Non è esattamente il miglior modo possibile per dialogare con Osvaldo, che gli molla uno schiaffone in faccia. L’anno successivo Lamela diventa uno dei trascinatori della squadra di Zeman. Gioca 33 partite di campionato. E segna 15 reti. Eppure ancora una volta il suo miglior momento personale coincide con un disastro collettivo. Il 26 maggio 2013 la Roma perde la finale di Coppa Italia. Contro la Lazio. Al Tottenham le cose vanno avanti come sempre. Fra bassi inquietanti e alti esaltanti. Dopo appena 9 presenze in campionato si infortuna alla schiena. E starà fuori per 9 mesi, con i tifosi degli Spurs che appenderanno agli alberi di Londra dei fogli A4 con il suo faccione con sopra la scritta “Lost”, scomparso. Con Pochettino va in scena un altro spettacolo. Lamela gioca molto ma segna poco, è importante ma non fondamentale. La storia cambia definitivamente a ottobre 2016.

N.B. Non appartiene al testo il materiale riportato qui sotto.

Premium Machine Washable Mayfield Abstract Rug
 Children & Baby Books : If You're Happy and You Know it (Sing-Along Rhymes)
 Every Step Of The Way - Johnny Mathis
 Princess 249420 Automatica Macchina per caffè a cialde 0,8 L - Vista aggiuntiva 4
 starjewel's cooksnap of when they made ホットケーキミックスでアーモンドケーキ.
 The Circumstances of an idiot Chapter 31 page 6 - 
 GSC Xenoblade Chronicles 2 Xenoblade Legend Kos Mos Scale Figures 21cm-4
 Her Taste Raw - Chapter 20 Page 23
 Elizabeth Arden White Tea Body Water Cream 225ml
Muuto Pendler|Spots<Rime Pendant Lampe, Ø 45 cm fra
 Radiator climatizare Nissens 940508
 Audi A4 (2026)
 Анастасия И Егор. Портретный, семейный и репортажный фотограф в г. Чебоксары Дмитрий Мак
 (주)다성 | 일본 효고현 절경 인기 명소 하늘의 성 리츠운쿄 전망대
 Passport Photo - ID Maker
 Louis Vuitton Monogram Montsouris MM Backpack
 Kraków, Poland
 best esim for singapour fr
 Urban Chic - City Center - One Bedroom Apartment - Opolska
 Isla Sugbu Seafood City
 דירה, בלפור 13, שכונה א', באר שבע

Nella partita di Coppa di Lega contro il Liverpool subisce un infortunio all’anca. All’inizio non sembra niente di particolarmente grave. Solo che più passano i giorni più il dolore diventa intenso. La situazione si fa pesante. Anche perché due mesi più tardi suo fratello Axel sbatte la testa mentre è in piscina. I danni sono gravi. Per qualche mese il ragazzo non riesce più a muovere le gambe e finisce su una sedia a rotelle. “Sentire la storia di mio fratello mi ha spaventato molto – racconta – Grazie a Dio è sopravvissuto e Mauricio, che è un grande uomo, mi ha permesso di andare in Argentina per stare con lui”. I due fratelli recuperano lentamente. Erik comincia ad avere enormi dubbi. Si sente connesso al fratello, teme di star vivendo un incubo simile. Così si fa visitare dallo staff della Roma, viene operato due volte. E per tornare a giocare gli servono 400 giorni. È l’inizio della fase più complessa della sua carriera. Erik non è più un titolare fisso. Nella finale di Champions League del 2019 guarda tristemente il Liverpool battere il Tottenham imbullonato alla panchina. I gol diventano sempre più sporadici. Nel 2020/2021 segna solo una rete in Premier League. All’Arsenal. Con una rabona in area che gli varrà il Puskas Award per il centro più bello dell’anno. Lo scorso anno i tornanti del calciomercato lo hanno portato a Siviglia. Erik ha continuato a provare a dribblare l’oblio con i suoi colpi illuminanti. Ma non sempre ci è riuscito. Nessuno dei tre allenatori che si sono avvicendati sulla panchina del Siviglia in questa stagione lo ha più considerato un imprescindibile. Così, dopo aver piegato la Juve, ora Lamela sogna di segnare anche alla Roma. E magari di provare a fare in modo che il suo futuro sovrascriva il passato.